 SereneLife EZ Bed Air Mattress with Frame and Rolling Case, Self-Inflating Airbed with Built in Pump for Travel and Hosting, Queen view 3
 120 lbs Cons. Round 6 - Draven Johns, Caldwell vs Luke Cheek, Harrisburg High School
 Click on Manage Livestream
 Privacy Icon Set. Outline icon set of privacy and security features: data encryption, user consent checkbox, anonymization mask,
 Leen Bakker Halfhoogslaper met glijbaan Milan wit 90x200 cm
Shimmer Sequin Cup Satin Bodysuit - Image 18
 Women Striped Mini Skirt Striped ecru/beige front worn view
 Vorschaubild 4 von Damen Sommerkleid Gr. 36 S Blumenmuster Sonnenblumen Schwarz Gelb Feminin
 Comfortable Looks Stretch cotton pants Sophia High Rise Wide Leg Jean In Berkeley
...
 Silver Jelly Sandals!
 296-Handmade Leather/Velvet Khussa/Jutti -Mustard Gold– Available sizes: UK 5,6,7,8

**PROBLEM DETAILS**
Using the data above, repeat exactly the lines that begin at the line with "Click on Manage Livestream" and end at the line with "Comfortable Looks Stretch", both ends included.

**PROBLEM SOLUTION**
 Click on Manage Livestream
 Privacy Icon Set. Outline icon set of privacy and security features: data encryption, user consent checkbox, anonymization mask,
 Leen Bakker Halfhoogslaper met glijbaan Milan wit 90x200 cm
Shimmer Sequin Cup Satin Bodysuit - Image 18
 Women Striped Mini Skirt Striped ecru/beige front worn view
 Vorschaubild 4 von Damen Sommerkleid Gr. 36 S Blumenmuster Sonnenblumen Schwarz Gelb Feminin
 Comfortable Looks Stretch cotton pants Sophia High Rise Wide Leg Jean In Berkeley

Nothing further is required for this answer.